**** Records for the exercise ****

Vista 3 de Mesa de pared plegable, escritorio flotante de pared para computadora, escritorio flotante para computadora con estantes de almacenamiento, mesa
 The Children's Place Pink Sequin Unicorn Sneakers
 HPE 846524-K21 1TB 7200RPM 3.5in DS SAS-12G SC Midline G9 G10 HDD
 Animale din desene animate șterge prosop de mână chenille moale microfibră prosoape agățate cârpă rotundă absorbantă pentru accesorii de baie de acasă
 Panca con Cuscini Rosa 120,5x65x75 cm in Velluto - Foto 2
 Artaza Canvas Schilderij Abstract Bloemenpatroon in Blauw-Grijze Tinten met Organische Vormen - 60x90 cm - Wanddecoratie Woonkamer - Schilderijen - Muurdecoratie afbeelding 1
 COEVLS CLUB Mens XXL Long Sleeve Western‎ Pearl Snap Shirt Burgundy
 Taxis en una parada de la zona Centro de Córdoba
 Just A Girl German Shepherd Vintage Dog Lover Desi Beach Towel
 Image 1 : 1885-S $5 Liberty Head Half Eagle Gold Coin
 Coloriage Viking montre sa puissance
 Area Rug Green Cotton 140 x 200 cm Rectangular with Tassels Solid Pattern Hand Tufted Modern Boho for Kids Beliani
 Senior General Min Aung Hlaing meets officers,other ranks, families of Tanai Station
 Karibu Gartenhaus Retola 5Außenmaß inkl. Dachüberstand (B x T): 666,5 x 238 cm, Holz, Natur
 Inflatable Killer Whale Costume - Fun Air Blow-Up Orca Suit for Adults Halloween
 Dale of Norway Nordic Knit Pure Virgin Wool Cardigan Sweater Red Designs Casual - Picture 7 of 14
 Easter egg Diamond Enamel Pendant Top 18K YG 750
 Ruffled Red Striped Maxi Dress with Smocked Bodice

****

→ Required work
The listing above has to be written out again in full, exactly as shown.

→ Reply
Vista 3 de Mesa de pared plegable, escritorio flotante de pared para computadora, escritorio flotante para computadora con estantes de almacenamiento, mesa
 The Children's Place Pink Sequin Unicorn Sneakers
 HPE 846524-K21 1TB 7200RPM 3.5in DS SAS-12G SC Midline G9 G10 HDD
 Animale din desene animate șterge prosop de mână chenille moale microfibră prosoape agățate cârpă rotundă absorbantă pentru accesorii de baie de acasă
 Panca con Cuscini Rosa 120,5x65x75 cm in Velluto - Foto 2
 Artaza Canvas Schilderij Abstract Bloemenpatroon in Blauw-Grijze Tinten met Organische Vormen - 60x90 cm - Wanddecoratie Woonkamer - Schilderijen - Muurdecoratie afbeelding 1
 COEVLS CLUB Mens XXL Long Sleeve Western‎ Pearl Snap Shirt Burgundy
 Taxis en una parada de la zona Centro de Córdoba
 Just A Girl German Shepherd Vintage Dog Lover Desi Beach Towel
 Image 1 : 1885-S $5 Liberty Head Half Eagle Gold Coin
 Coloriage Viking montre sa puissance
 Area Rug Green Cotton 140 x 200 cm Rectangular with Tassels Solid Pattern Hand Tufted Modern Boho for Kids Beliani
 Senior General Min Aung Hlaing meets officers,other ranks, families of Tanai Station
 Karibu Gartenhaus Retola 5Außenmaß inkl. Dachüberstand (B x T): 666,5 x 238 cm, Holz, Natur
 Inflatable Killer Whale Costume - Fun Air Blow-Up Orca Suit for Adults Halloween
 Dale of Norway Nordic Knit Pure Virgin Wool Cardigan Sweater Red Designs Casual - Picture 7 of 14
 Easter egg Diamond Enamel Pendant Top 18K YG 750
 Ruffled Red Striped Maxi Dress with Smocked Bodice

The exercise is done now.